OZRI 2005 Day One, Afternoon

Andrew Hallam | | 3 November 2005, 03:31

The “enterprise GIS” session after lunch was mixed bag. Instead of going to the final session, which was basically ESRI Australia doing their thing, I spoke with a few of the vendors at their booths. Interestingly, of the four presentations given in the afternoon session the two most informative were from ESRI business partners IBM and Information Builders, not ESRI clients.

Kym Farnick from IBM actually gave definitions of “service” and “service oriented architecture” that mere mortals could understand. He did a good job of making the whole web services stack understandable, and didn’t harp on about IBM products.

One telling point in the IBM presentation was where ESRI tools fit into the IBM web services stack. It is a very small component of the overall stack. The implication was that ESRI plugs into IBM, not the other way around.
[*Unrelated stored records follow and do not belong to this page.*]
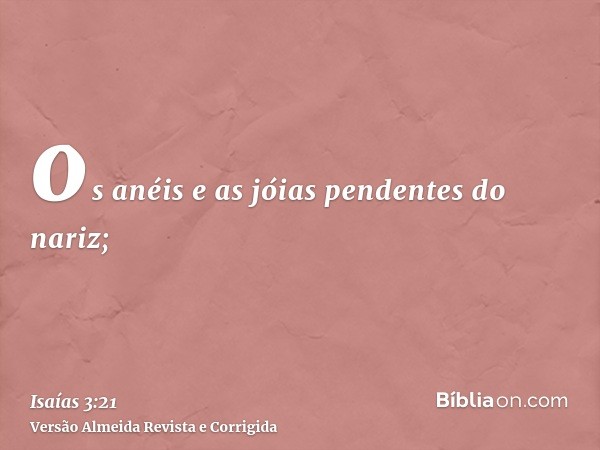 os anéis e as jóias pendentes do nariz;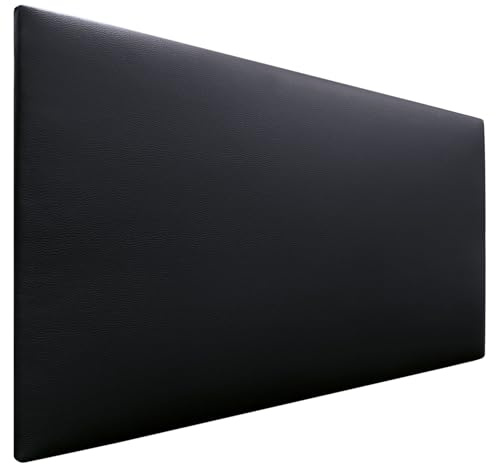 DHOME Kopfteil aus Kunstleder oder Stoff AQUALINE - Glatt Mit Beinen, Gepolstert, Luxusbett (Kunstleder Schwarz, 105cm für Betten 80/90/105)
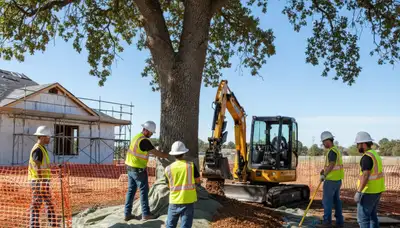 Louisville, KY arborist protecting tree roots from soil compaction on a tree service job site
That certainly makes sense from a business IT perspective, and ESRI have stated their desire to own the geospatial block in the SOA diagram.

However, in my view ESRI Australia’s communication of what they think SOA is, and how their products fit into it, left a lot to be desired. I’m sure there were a lot of people in the audience who didn’t have a clue what it was all about. I certainly didn’t get a good picture of what they are doing.

Bob Hazelton, from Information Builders, did a good job of showing how disparate information sources can be leveraged and turned into web services without writing code. He had some interesting examples of how adding a geospatial component to business intelligence applications has achieved significant results in the US. The classic “build vs. buy” decision hasn’t gone away, it has just moved up the stack.

None of the examples were Australian, although IBM have been doing something at the NSW Dept of Lands. It seems we’re a bit behind the curve on the use of web services in Australia. Perhaps we don’t have environments of the scale that justifies the use of SOA approaches.

On the whole the audience has been quite passive. Only one presenter has offered any “contructive criticism”. No questions have come from the audience. It’s quite weird, well, to me anyway. Sort of like an audience watching a TV show.

On blogging, I’ve not noticed anyone else tapping away on a laptop.